# spoon from confederate steam boat c.e. hillman



## Dansalata (Jun 27, 2019)

so.i decided to go to the porterville college flea market..it was pretty hot but i managed a few rows...the last aisle i walked i saw a pile of silverware...looking for sterling i noticed this soup spoon with "steamboat c.e.  hillman stampedon thehandle..i was intrigued..never seen this before..there weree 3 of em ,the man said 5 bucks..im like cool...so i came home and looked the steamship c.e.hillman...holy s(&^%$  a confederate stemboat captured april 28 1861...there are letters online from abraham lincoln commenting on it...the hillman had 1300 pounds of gunpowder in it,tons of lead..150pistols and other stuff....still trippin on this  UNEXPECTED DISCOVERY


----------



## RCO (Jun 27, 2019)

if there stamped as being from the steamer C E Hillman it would certainly seem to be the case that they came from an old steamer .

were you able to find anything else about the history of it ? how long was it in operation for ? a lot of these old steamers eventually sank or had something happen to them


----------



## CanadianBottles (Jun 27, 2019)

Wow that's an amazing find!  Probably one of the most historically significant things posted on here in quite a while.  Did you notice that John Wilkes Booth rode on the C.E. Hillman in 1864? https://books.google.ca/books?id=vS...ACegQICRAB#v=onepage&q="C.E. Hillman"&f=false  I've been trying to find out what happened to her in the end but can't find any references after February of 1866.


----------



## Dansalata (Jun 28, 2019)

there were theories that thehillman was made into a ironclad,,butonly rumours...i didnt know booth was in the hillman..whoa..the awesomeness continues...thanks for the replies..


----------



## nhpharm (Jun 28, 2019)

That is super awesome!  I collect nautical stuff...have a bronze engraved capstan cover from a Confederate blockade runner and a ships bell from a Union steamship.  No doubt those spoons are from that vessel.  Great find!


----------



## Dansalata (Jun 28, 2019)

thanks nhpharm......union steamship bell......wowser


----------



## RCO (Jun 28, 2019)

usually there is books about those old steamers , in Canada there is a fair number and usually if you find the right book you can look up specific vessels and read about there history 

so if there is any books on confederate steamers or steamers from the south ? that might be a place to look for more info


----------



## CanadianBottles (Jun 28, 2019)

Dansalata said:


> there were theories that thehillman was made into a ironclad,,butonly rumours...i didnt know booth was in the hillman..whoa..the awesomeness continues...thanks for the replies..

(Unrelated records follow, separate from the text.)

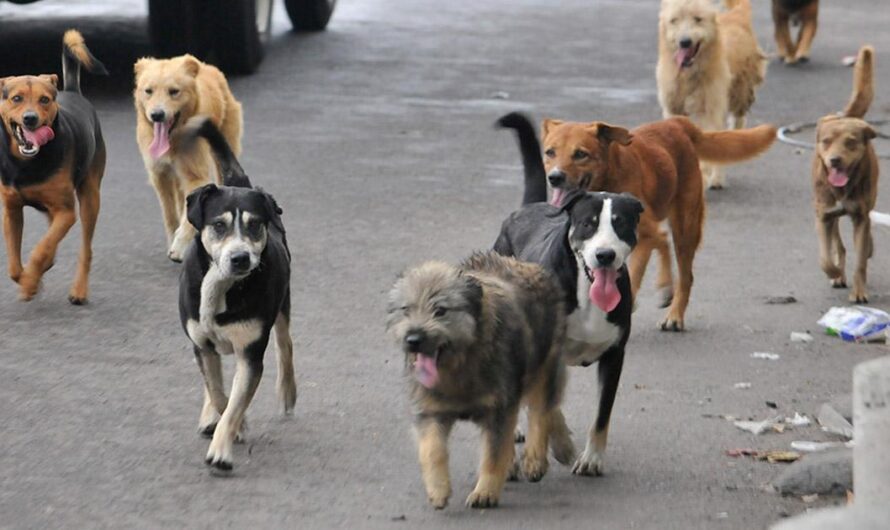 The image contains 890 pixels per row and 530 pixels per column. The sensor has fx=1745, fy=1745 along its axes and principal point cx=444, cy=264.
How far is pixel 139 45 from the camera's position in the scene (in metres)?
19.2

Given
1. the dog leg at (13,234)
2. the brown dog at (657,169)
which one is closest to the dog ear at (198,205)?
the brown dog at (657,169)

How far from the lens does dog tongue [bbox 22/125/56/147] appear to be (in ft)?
30.4

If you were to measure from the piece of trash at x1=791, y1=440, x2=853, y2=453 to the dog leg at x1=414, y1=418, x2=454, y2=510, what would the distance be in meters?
1.70

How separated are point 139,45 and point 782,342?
38.9 feet

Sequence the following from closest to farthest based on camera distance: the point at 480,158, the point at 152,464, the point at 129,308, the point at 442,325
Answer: the point at 442,325 → the point at 152,464 → the point at 129,308 → the point at 480,158

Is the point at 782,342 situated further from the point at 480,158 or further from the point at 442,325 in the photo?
the point at 480,158

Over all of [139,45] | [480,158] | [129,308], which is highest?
[129,308]

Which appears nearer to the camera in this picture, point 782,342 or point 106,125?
point 782,342

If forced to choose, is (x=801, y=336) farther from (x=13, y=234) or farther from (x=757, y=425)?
(x=13, y=234)

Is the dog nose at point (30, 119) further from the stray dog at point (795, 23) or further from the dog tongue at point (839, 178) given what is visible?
the stray dog at point (795, 23)

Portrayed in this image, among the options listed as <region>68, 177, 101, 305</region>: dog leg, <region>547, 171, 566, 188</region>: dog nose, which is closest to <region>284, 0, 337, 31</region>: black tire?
<region>68, 177, 101, 305</region>: dog leg

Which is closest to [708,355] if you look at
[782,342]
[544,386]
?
[782,342]

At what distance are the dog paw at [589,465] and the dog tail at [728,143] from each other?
338cm

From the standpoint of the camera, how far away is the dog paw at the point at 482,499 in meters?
6.12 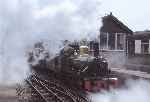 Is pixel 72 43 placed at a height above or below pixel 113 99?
above

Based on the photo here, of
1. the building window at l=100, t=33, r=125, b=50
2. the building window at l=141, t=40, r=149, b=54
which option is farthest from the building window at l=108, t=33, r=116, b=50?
the building window at l=141, t=40, r=149, b=54

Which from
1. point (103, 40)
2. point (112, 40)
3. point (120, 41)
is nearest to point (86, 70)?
point (120, 41)

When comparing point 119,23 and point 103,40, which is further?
point 119,23

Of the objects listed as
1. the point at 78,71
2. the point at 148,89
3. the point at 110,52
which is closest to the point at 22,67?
the point at 78,71

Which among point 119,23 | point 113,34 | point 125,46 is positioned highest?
point 119,23

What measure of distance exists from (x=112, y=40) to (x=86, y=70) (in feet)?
72.5

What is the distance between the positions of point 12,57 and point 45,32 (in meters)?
2.44

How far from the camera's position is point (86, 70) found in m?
16.0

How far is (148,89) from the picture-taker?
16.8 m

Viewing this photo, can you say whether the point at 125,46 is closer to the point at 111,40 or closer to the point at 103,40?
the point at 103,40

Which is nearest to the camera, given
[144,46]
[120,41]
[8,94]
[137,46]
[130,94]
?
[130,94]

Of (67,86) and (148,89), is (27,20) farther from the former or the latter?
(148,89)

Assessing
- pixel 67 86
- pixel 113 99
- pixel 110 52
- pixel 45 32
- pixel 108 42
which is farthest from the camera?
pixel 108 42

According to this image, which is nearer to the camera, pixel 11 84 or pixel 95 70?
pixel 95 70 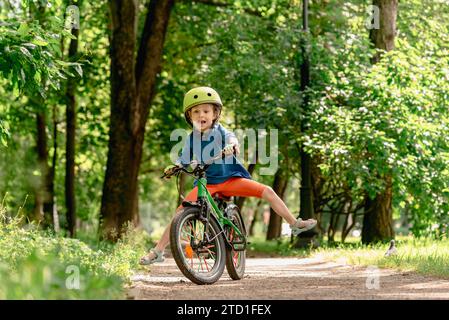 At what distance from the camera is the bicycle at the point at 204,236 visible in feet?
25.3

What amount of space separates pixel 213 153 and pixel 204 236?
2.89ft

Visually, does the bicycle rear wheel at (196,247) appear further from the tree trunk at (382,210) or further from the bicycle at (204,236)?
the tree trunk at (382,210)

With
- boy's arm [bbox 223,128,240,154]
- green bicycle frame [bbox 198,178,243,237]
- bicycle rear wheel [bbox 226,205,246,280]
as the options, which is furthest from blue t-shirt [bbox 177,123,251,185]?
bicycle rear wheel [bbox 226,205,246,280]

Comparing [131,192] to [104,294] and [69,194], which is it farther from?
[104,294]

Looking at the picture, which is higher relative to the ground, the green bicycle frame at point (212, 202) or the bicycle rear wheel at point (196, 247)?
the green bicycle frame at point (212, 202)

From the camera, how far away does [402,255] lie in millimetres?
10617

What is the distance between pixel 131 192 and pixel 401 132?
5.71 metres

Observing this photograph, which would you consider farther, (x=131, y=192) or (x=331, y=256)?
(x=131, y=192)

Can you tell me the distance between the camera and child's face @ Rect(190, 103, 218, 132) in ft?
27.7

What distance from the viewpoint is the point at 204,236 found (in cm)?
809

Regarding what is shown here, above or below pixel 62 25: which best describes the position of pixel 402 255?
below

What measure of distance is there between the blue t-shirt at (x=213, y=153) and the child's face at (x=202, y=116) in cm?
6

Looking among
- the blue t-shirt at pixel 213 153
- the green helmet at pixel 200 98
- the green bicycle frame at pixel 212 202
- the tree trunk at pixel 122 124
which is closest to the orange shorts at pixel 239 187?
the blue t-shirt at pixel 213 153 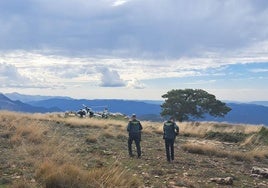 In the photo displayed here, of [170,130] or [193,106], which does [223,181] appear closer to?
[170,130]

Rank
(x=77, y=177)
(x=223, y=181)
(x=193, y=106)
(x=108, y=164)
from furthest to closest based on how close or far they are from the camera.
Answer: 1. (x=193, y=106)
2. (x=108, y=164)
3. (x=223, y=181)
4. (x=77, y=177)

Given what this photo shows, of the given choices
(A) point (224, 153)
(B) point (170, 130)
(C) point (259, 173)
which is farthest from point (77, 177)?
(A) point (224, 153)

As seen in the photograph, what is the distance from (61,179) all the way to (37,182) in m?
0.89

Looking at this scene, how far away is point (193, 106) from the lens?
61.6 m

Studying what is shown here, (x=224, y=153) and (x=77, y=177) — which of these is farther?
(x=224, y=153)

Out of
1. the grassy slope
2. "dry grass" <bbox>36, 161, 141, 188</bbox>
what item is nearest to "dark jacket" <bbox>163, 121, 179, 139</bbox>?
the grassy slope

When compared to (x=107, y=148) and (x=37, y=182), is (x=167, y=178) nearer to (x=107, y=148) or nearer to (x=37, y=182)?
(x=37, y=182)

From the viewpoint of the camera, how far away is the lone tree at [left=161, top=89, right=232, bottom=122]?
2421 inches

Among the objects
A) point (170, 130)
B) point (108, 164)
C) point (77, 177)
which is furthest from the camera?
point (170, 130)

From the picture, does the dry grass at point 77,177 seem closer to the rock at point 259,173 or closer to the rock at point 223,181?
the rock at point 223,181

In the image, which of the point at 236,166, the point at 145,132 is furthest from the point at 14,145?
the point at 145,132

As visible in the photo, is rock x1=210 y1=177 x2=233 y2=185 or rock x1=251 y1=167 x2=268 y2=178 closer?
rock x1=210 y1=177 x2=233 y2=185

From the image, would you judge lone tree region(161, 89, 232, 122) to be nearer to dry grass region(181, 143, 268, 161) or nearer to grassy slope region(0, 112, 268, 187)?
grassy slope region(0, 112, 268, 187)

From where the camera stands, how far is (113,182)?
11.1 meters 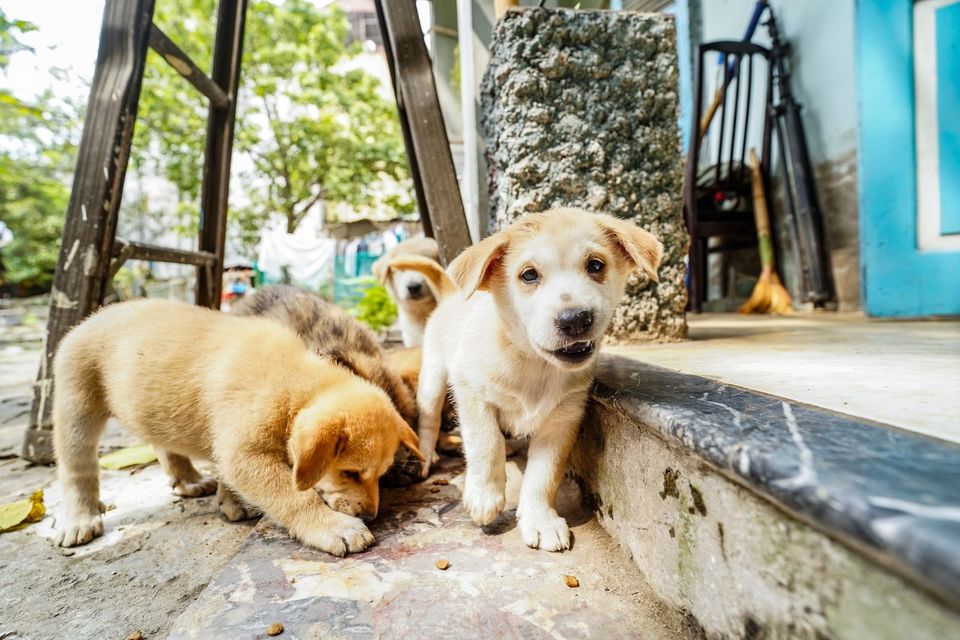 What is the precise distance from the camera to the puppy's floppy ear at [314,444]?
1.49 metres

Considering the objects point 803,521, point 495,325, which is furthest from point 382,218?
point 803,521

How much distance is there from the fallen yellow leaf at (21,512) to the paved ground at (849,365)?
2.55m

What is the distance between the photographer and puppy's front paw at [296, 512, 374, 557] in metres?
1.52

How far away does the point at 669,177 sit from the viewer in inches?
102

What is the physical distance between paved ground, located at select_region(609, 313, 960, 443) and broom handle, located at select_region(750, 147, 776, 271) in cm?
231

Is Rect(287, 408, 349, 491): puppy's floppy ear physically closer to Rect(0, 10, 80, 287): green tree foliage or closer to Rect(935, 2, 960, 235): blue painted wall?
Rect(935, 2, 960, 235): blue painted wall

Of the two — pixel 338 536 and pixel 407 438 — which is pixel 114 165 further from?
pixel 338 536

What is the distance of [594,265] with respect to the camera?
1.55 meters

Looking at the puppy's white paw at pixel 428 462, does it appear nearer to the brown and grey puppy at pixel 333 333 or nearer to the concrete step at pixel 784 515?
the brown and grey puppy at pixel 333 333

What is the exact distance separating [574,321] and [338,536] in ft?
3.19

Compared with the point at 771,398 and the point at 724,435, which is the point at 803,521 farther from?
the point at 771,398

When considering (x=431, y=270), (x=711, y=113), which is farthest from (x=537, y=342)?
(x=711, y=113)

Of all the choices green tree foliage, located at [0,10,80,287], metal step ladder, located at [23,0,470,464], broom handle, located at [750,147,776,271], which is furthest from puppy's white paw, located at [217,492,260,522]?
green tree foliage, located at [0,10,80,287]

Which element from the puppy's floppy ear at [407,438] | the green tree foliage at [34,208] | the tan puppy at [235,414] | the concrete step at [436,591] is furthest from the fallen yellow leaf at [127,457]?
the green tree foliage at [34,208] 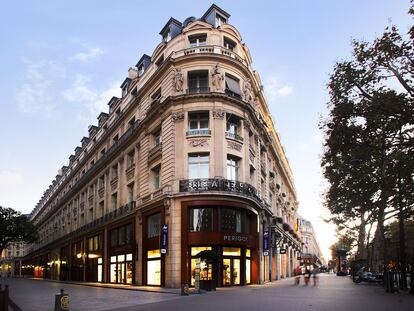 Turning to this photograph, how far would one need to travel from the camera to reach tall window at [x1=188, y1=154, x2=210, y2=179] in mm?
32781

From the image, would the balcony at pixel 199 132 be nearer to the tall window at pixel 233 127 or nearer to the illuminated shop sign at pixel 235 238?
the tall window at pixel 233 127

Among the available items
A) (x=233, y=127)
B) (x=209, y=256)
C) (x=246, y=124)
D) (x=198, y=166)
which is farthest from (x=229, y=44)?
(x=209, y=256)

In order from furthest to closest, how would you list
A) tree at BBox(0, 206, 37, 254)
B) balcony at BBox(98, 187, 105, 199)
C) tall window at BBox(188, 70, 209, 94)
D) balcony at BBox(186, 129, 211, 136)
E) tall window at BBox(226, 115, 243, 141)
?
1. tree at BBox(0, 206, 37, 254)
2. balcony at BBox(98, 187, 105, 199)
3. tall window at BBox(188, 70, 209, 94)
4. tall window at BBox(226, 115, 243, 141)
5. balcony at BBox(186, 129, 211, 136)

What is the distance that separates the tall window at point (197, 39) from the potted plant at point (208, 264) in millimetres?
16767

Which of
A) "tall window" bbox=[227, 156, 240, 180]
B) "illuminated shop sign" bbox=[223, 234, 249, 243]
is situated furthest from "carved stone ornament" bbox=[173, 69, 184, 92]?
"illuminated shop sign" bbox=[223, 234, 249, 243]

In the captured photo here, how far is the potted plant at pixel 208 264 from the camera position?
27.1m

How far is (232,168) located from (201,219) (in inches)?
193

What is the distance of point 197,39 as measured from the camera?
3625 centimetres

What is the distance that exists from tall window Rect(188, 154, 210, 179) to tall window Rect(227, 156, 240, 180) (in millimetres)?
1824

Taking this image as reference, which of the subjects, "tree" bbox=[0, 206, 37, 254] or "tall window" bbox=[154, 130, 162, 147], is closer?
"tall window" bbox=[154, 130, 162, 147]

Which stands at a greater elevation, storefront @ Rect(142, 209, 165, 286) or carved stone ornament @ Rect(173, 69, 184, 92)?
carved stone ornament @ Rect(173, 69, 184, 92)

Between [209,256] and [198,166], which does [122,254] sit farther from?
[209,256]

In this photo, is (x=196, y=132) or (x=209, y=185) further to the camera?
(x=196, y=132)

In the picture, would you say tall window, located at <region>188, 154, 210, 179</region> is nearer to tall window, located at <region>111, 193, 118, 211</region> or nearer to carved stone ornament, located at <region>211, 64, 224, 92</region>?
carved stone ornament, located at <region>211, 64, 224, 92</region> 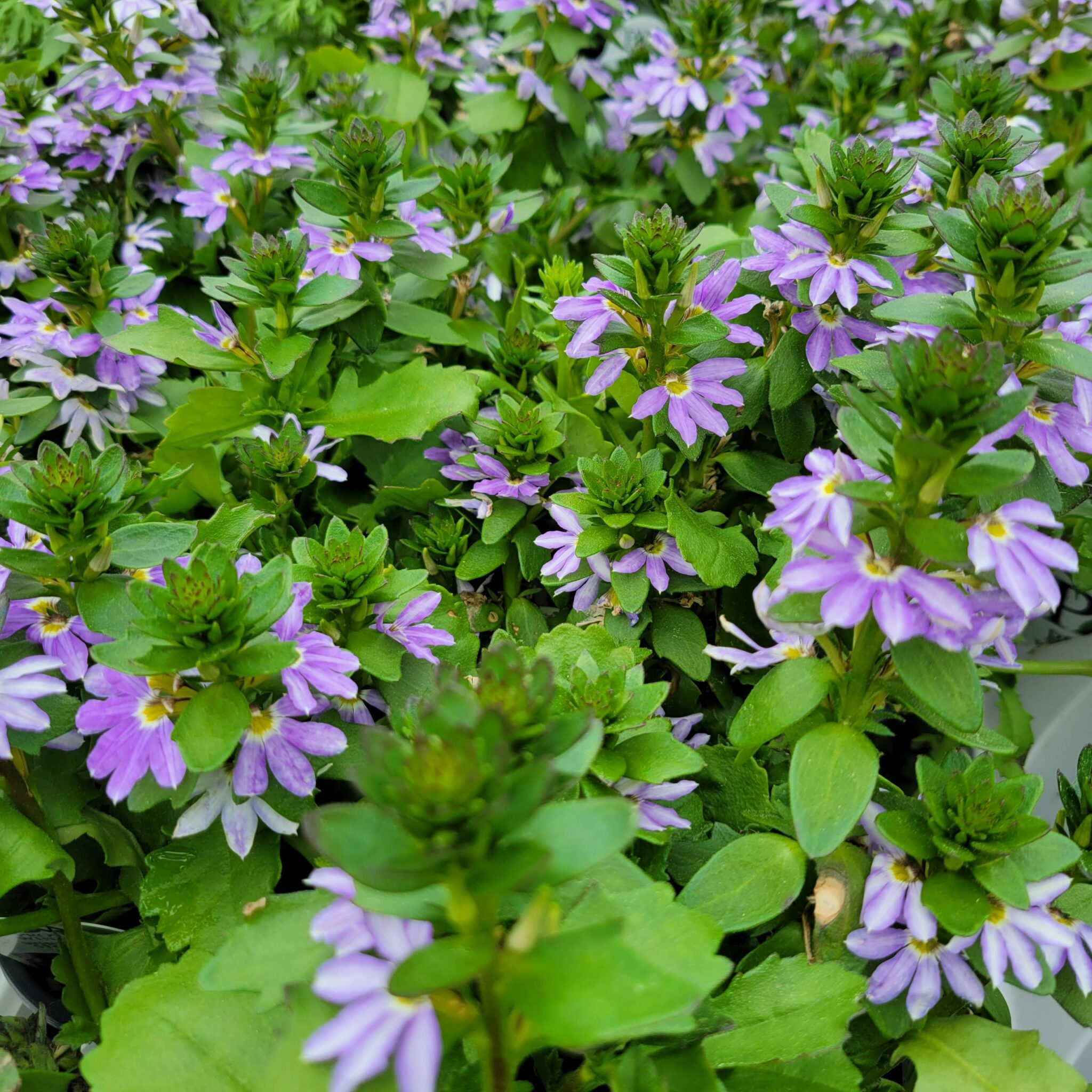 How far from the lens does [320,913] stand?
0.47 metres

Pretty sure those rumours aren't true, there's a newspaper article from 1866 about the C.E. Hillman colliding with another steamer and sinking it.  It definitely wasn't an ironclad at that point.


----------



## Screwtop (Jun 28, 2019)

THAT IS AMAZING! I am a huge Civil War buff, and that has me oozing with envy, but in a good way. Way to go on that find, and research!


----------



## Dansalata (Jun 29, 2019)

thanks 4 the replies!!!


----------



## BF109 (Jul 3, 2019)

WOW!  Super find, congrats!


----------



## Oldsdigger (Jul 3, 2019)

nhpharm,
               I have a Civil War nautical map I'd be willing to sell if you are interested? It is of the southern Carolina's and if I remember it might also have some of the ship names on it.


----------



## Dansalata (Jul 13, 2019)

thank you!!!


----------